Review for NeurIPS paper: Shared Experience Actor-Critic for Multi-Agent Reinforcement Learning

NeurIPS 2020

Shared Experience Actor-Critic for Multi-Agent Reinforcement Learning

Review 1

Summary and Contributions: Introduces a simple yet effective method which interpolates between self-play and independent MARL. This method outperforms baselines on challenging benchmark tasks with sparse reward.

Strengths: 1. General purpose method for fully cooperative MARL environments. 2. Well explained and parsimonious. 3. Convincing experiments on a range of environments from the literature.

Weaknesses: 1. Not clear how this method can be applied outside of fully cooperative settings, as the authors claim. The authors should justify this claim theoretically or empirically, or else remove it. 2. Missing some citations to set this in context of other MARL work e.g. recent papers on self-play and population-play with respect to exploration and coordination (such as https://arxiv.org/abs/1806.10071, https://arxiv.org/abs/1812.07019). 3. The analysis is somewhat "circumstantial", need more detailed experiments to be a convincing argument in this section. For example the claim in lines 235 - 236 seems to require further evidence to be completely convincing. 4. The link with self-play could be more clearly drawn out. As far as I can tell, the advantage of this over self-play is precisely the different initialization of the separate agents. It is surprising and important that this has such a significant effect, and could potentially spur a meta-learning investigation into optimal initialization for SEAC in future work.

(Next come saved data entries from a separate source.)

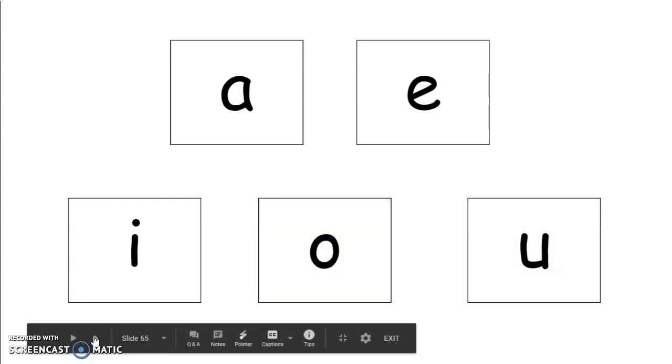The next sound is un. You say it. Un. Good job. You're right. U says uh in un.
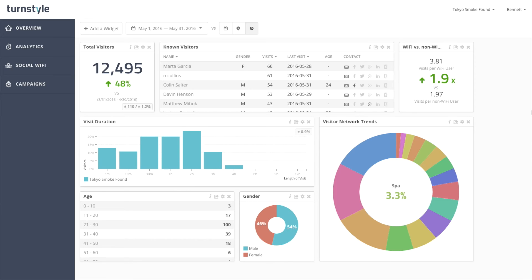Turnstile's analytics make it easy to get a high-level overview of who your customers are and how they engage with your business. Contact us to learn more about analytics or to request a live demo.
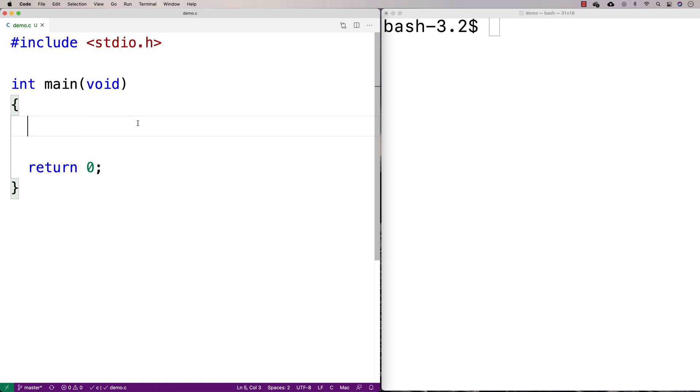In this video we're going to go over how to count the number of occurrences of a value in an array. It could be different kinds of arrays, but we're going to go with int arrays.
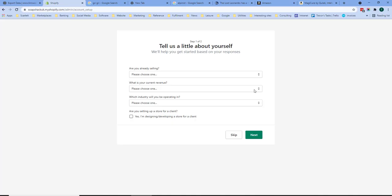If we go back to the Shopify website, first off Shopify asks you to tell them a little about yourselves. We can skip this step.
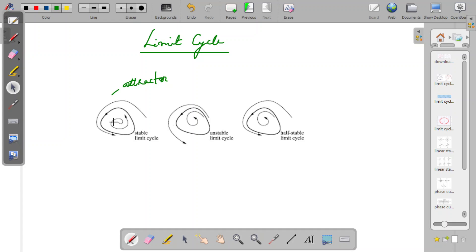This stable limit cycle can have self-sustained oscillations, because whatever the initial state, the system will finally settle into this particular closed trajectory. A good real-world example is the periodic firing of a pacemaker or the beating of a heart — the heartbeat is a case of a stable limit cycle. Even if the system is perturbed slightly, after some time it will come back to the standard rhythm, which is why we call it self-sustained oscillation.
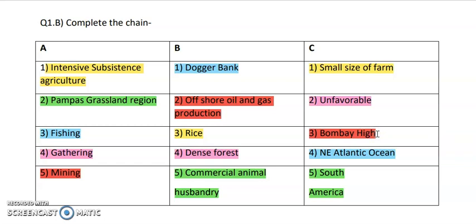So this is all about the four complete the following chains which I have solved in this video. I hope it is clear to all of you. Thank you for watching. Do subscribe to my channel. If you have any queries you can comment in the comment section. Thank you.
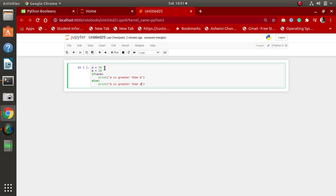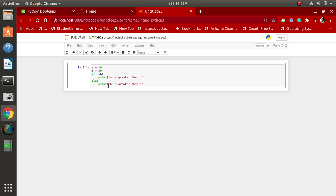In this example, we assign the value 10 to variable a and value 20 to variable b. With the help of a condition, we check which is the greater element between both of them. If the value of a is greater than b, then with the print function we display the message 'a is greater than b'. Otherwise, the else condition will execute and print the statement 'b is greater than a'. So let's try to run the above code.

Correctness: Yes, the methodology for the experiments and presentation of the results is rigorous.

Clarity: Yes, I was impressed by the writing quality of this work.

Relation to Prior Work: Yes, with a few caveats described in "weaknesses" above.

Reproducibility: Yes

Additional Feedback: See "weaknesses" for improvement suggestions. I found this paper to be an enjoyable read. Response to authors: many thanks for your replies to my comments. It would be useful for you to include a sentence indicating the situations in which your algorithm may and may not be applied in your introduction, so that practitioners may easily see whether it is relevant to their setting. My view remains that this is a good paper.

Review 2

Summary and Contributions: Paper presents a novel method for multi-agent RL called Shared Experience Actor-Critic (SEAC). The authors demonstrate that this method outperforms state-of-the-art multi-agent RL algorithms as well as baselines. This is achieved by sharing experiences between agents while still having the polices to converge to different parameters sets (weights). The another strength is the simplicity of the algorithm making it more likely to be widely adopted by the community. Results are compared with baselines and state-of-the-art multi-agent RL algorithm and presented with standard deviation.

Strengths: The main results are impressive where the SEAC algorithm achieves higher score than two state-of-the-art multi-agent algorithms like MADDPG. Baselines are well designed and adds to highlight the strength of MARL over simpler solutions.

Weaknesses: Testing RL algorithms with limited resources for testing different hyperparameters always causes some issues since RL has been shown to very sensitive to hyperparameters, see for example Deep Reinforcement Learning that Matters (Peter Henderson et. al. 2017). This means that when comparing to algorithm there is no guarantee that the same architecture and hyperparameters will be optimal for both SEAC and MADDPG. Comparison to later MARL algorithms such as "Actor-Attention-Critic for Multi-Agent Reinforcement Learning" from ICML 2019 is missing and not cited. In their paper they show that they out-perfrom MADDPG and that their algorithm is able to handle non-cooperative settings.

Correctness: Yes, claims are correct as far as I can tell. I had a look at the derivations in the supplementary material and could not find any issues.

Clarity: Paper is very well-written and easy to follow. There are very few typos. Plots are also easy to read and show standard deviation as well as mean for the resuls.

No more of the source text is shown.